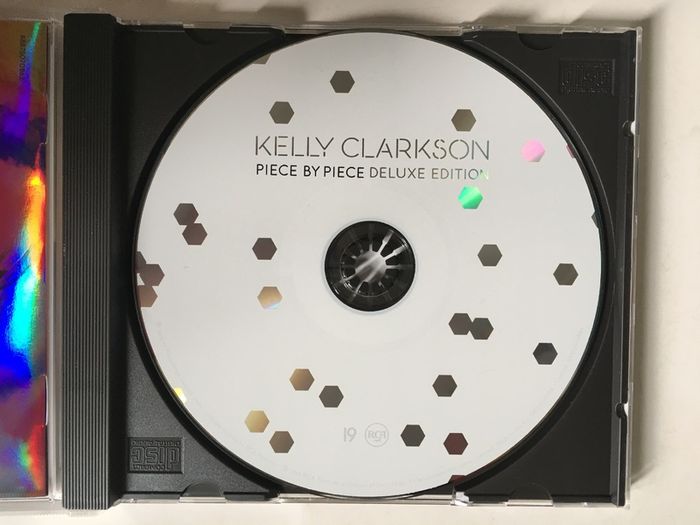 Kelly Clarkson [2015] Piece By Piece (Deluxe Edition) (CD Album Promo Sticker)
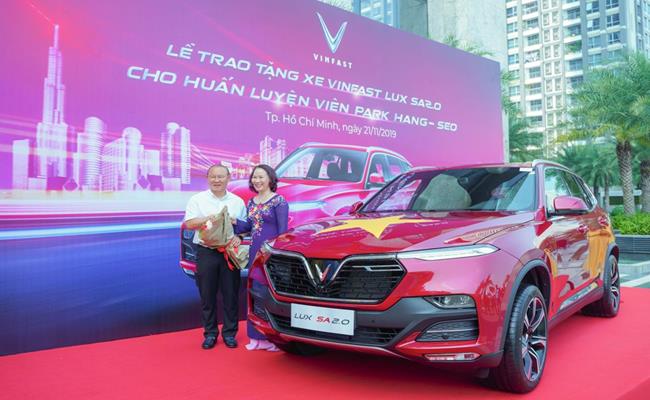 Tập đoàn Vingroup cũng đã trao tặng huấn luyện viên Park Hang Seo mẫu xe VinFast LuxSA 2.0 Premium. Xe trị giá 1,8 tỷ đồng (giá niêm yết đại lý).
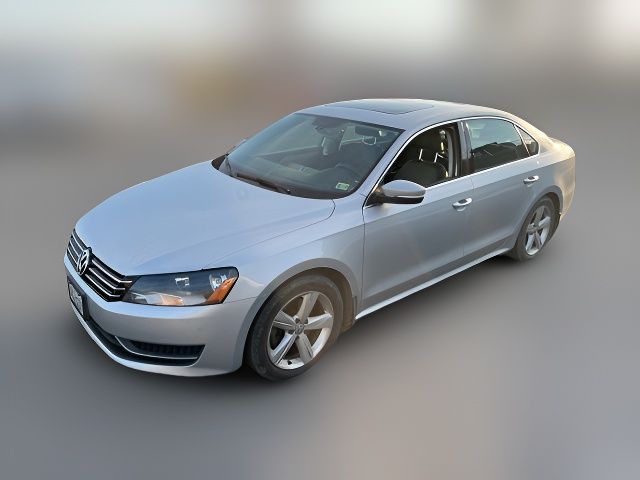 2013 Volkswagen Passat SE Navigation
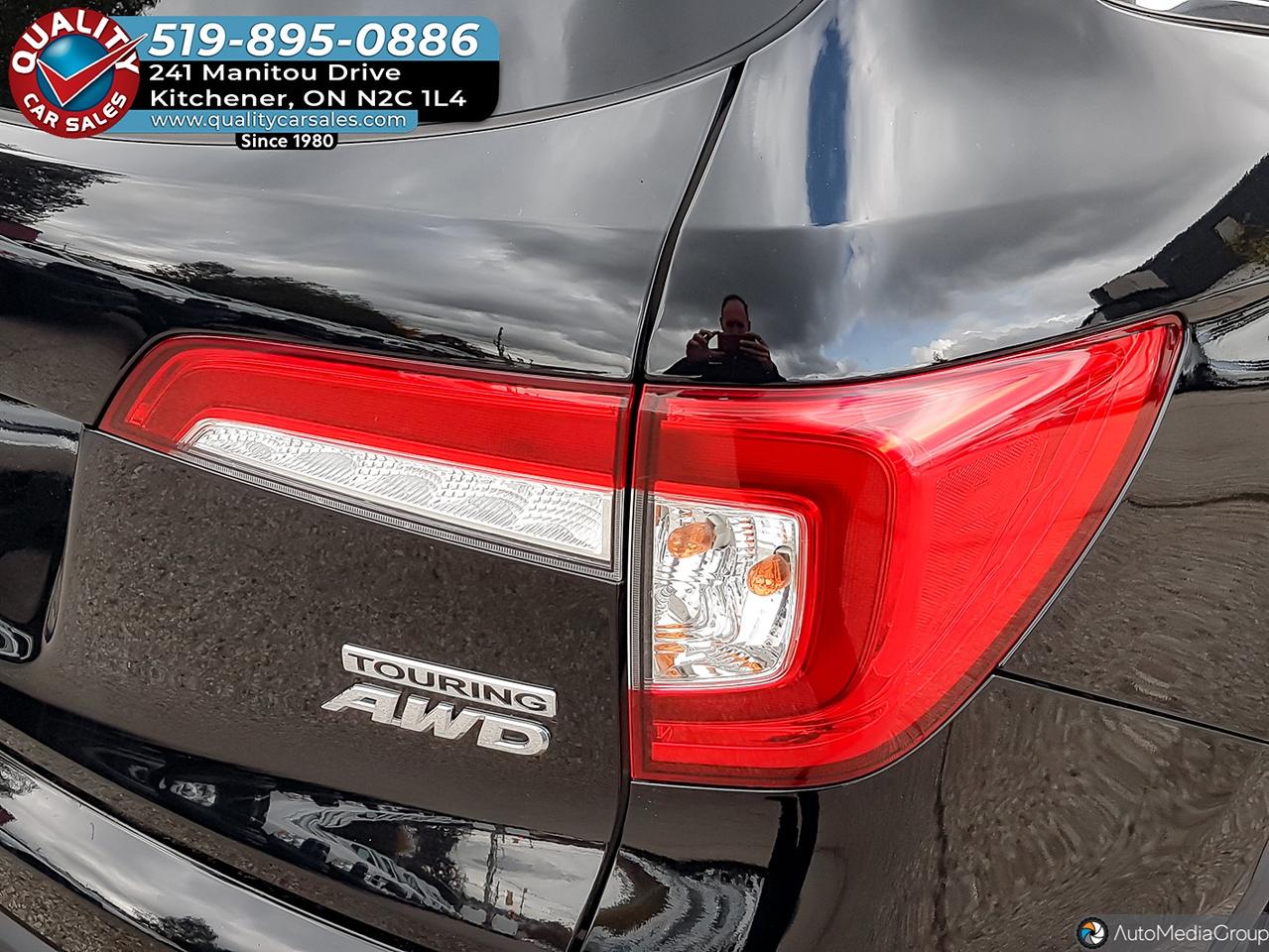 2021 Honda Pilot Touring *LEATHER-SUNROOF-NAVIGATION-DVD PLAYER* Photo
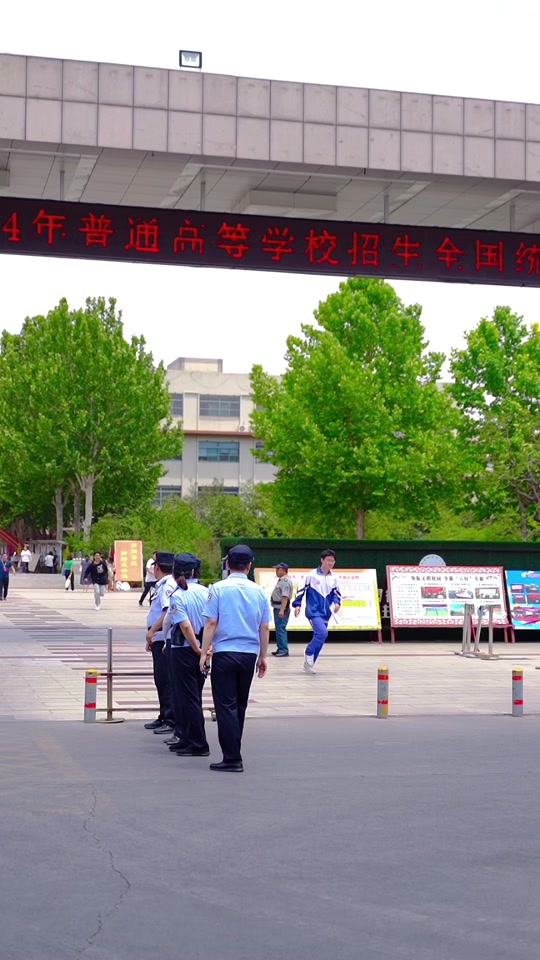 菏泽二中第一个出考场的人 - 抖音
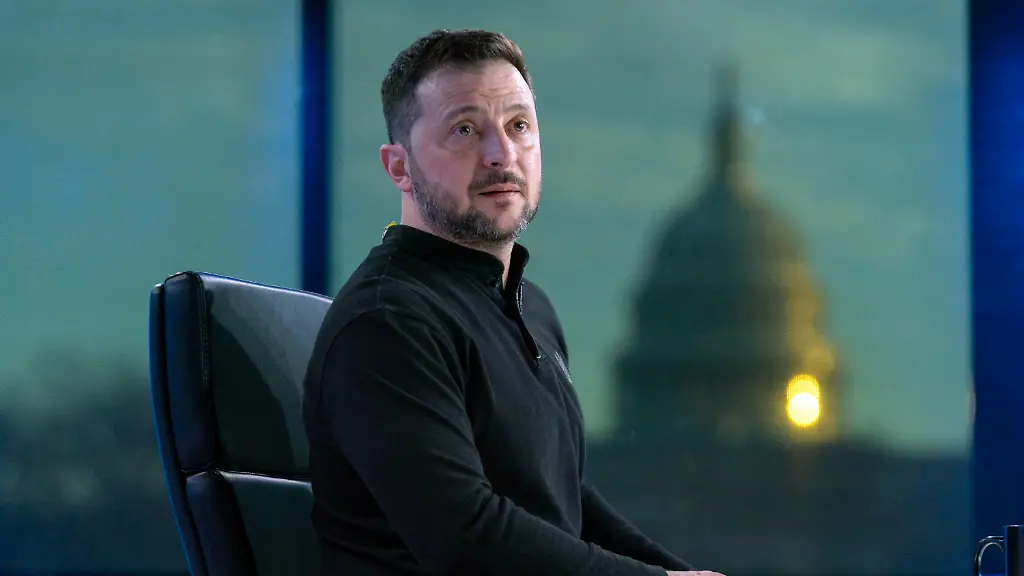 1703235be9244d7aa40bed5465c9067c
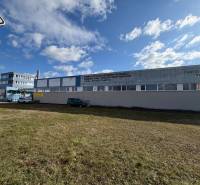 Épület ipari területen Érsekújvár, Érsekújvár utca, Raktárak és csarnokok.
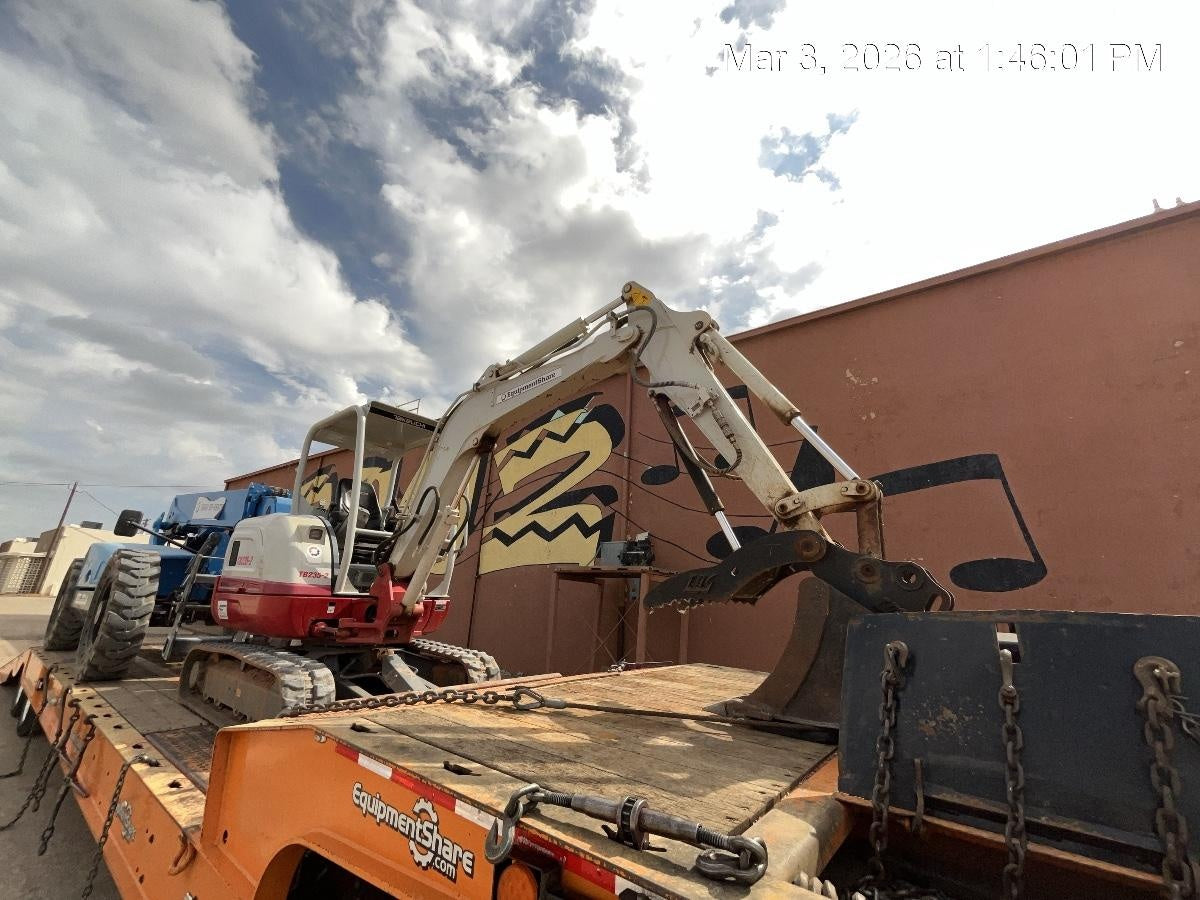2022 TAKEUCHI TB235-2R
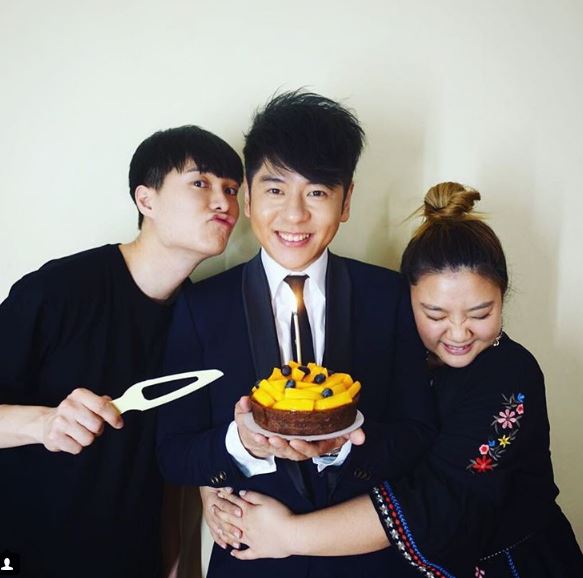 好友胡鴻鈞、欣宜為許廷鏗送上生日蛋糕。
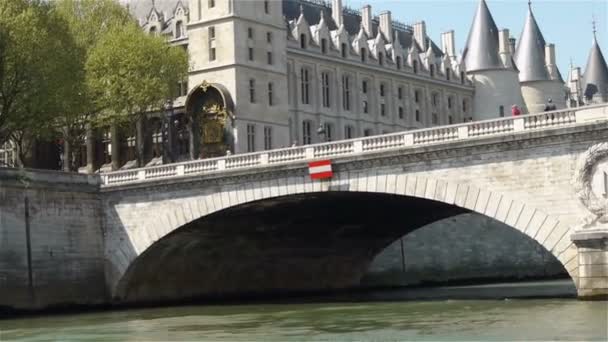 ナポレオンは、セーヌ川に架かる橋します。 — ストック動画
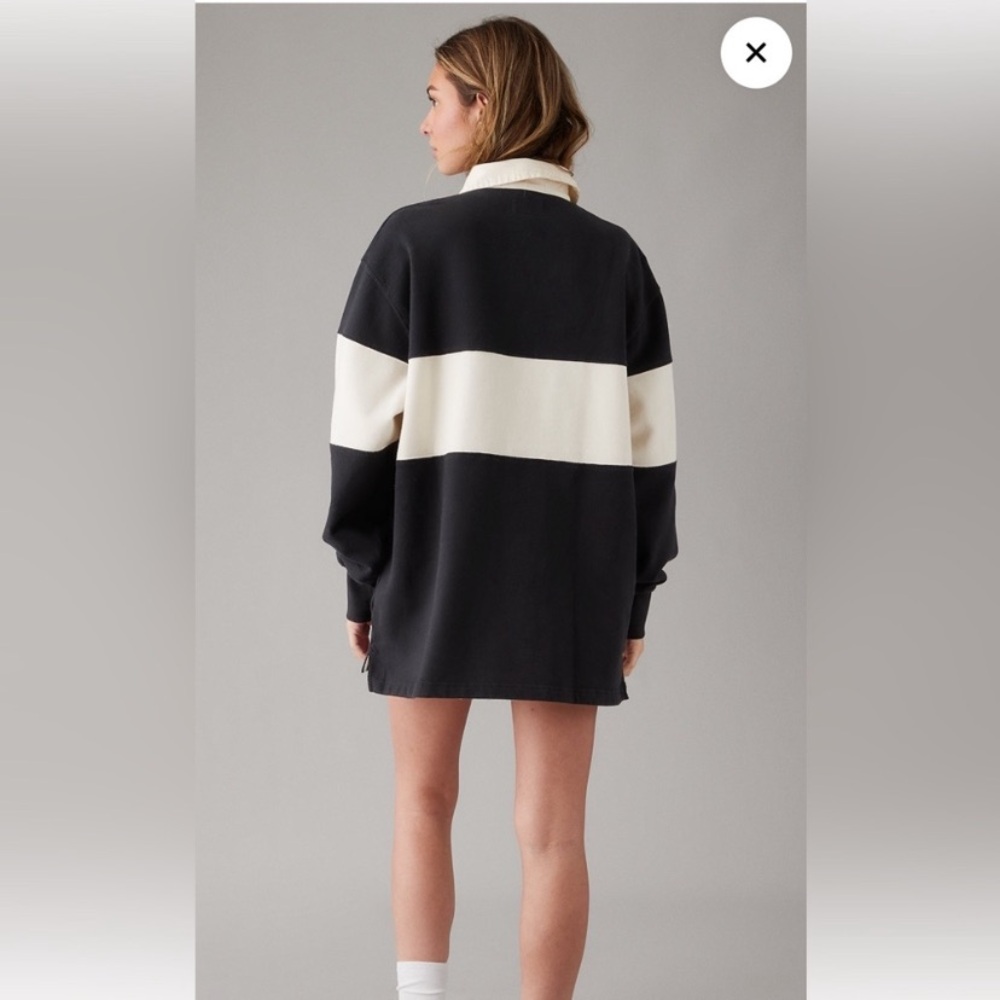 AE Women’s Oversized NY Polo Fleece Sweatshirt - Picture 2 of 8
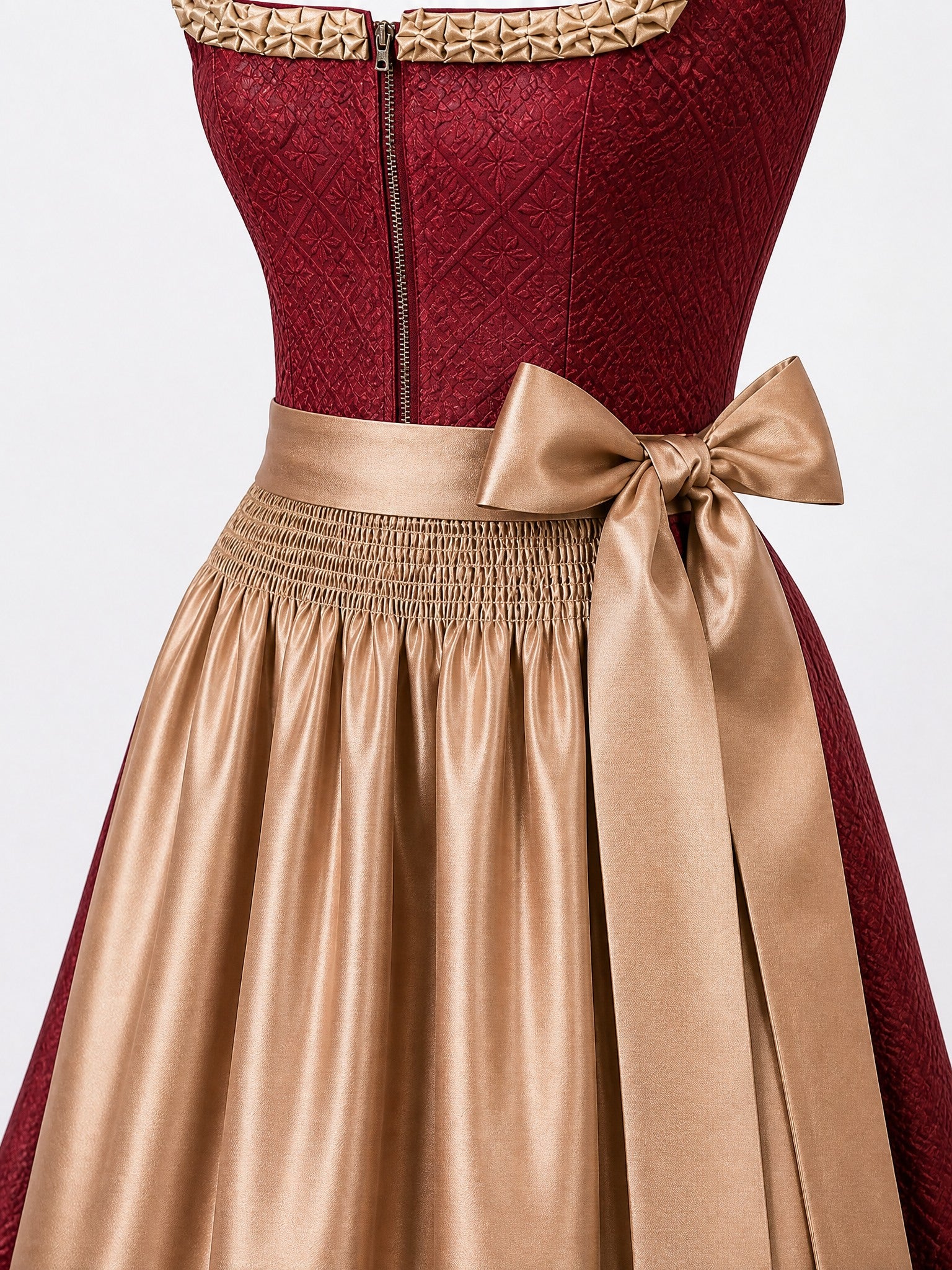 Dirndl Ella in Cranberryrot mit Antikgold Schürze - Detailansicht Taille und Schleife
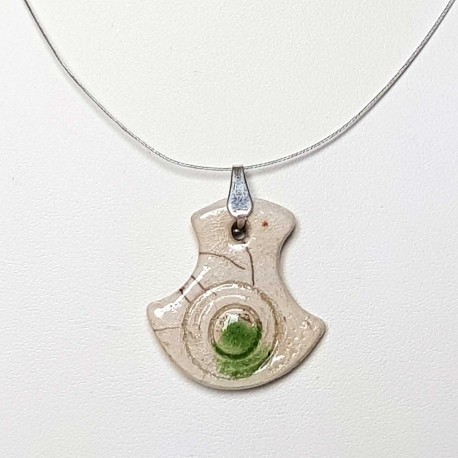 Collier fantaisie élégant  fin et léger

==*==

- About this exercise
Transcribe the whole of the data exactly, minus any pictures.

- Solution
 Kelly Clarkson [2015] Piece By Piece (Deluxe Edition) (CD Album Promo Sticker)
 Tập đoàn Vingroup cũng đã trao tặng huấn luyện viên Park Hang Seo mẫu xe VinFast LuxSA 2.0 Premium. Xe trị giá 1,8 tỷ đồng (giá niêm yết đại lý).
 2013 Volkswagen Passat SE Navigation
 2021 Honda Pilot Touring *LEATHER-SUNROOF-NAVIGATION-DVD PLAYER* Photo
 菏泽二中第一个出考场的人 - 抖音
 1703235be9244d7aa40bed5465c9067c
 Épület ipari területen Érsekújvár, Érsekújvár utca, Raktárak és csarnokok.
2022 TAKEUCHI TB235-2R
 好友胡鴻鈞、欣宜為許廷鏗送上生日蛋糕。
 ナポレオンは、セーヌ川に架かる橋します。 — ストック動画
 AE Women’s Oversized NY Polo Fleece Sweatshirt - Picture 2 of 8
 Dirndl Ella in Cranberryrot mit Antikgold Schürze - Detailansicht Taille und Schleife
 Collier fantaisie élégant  fin et léger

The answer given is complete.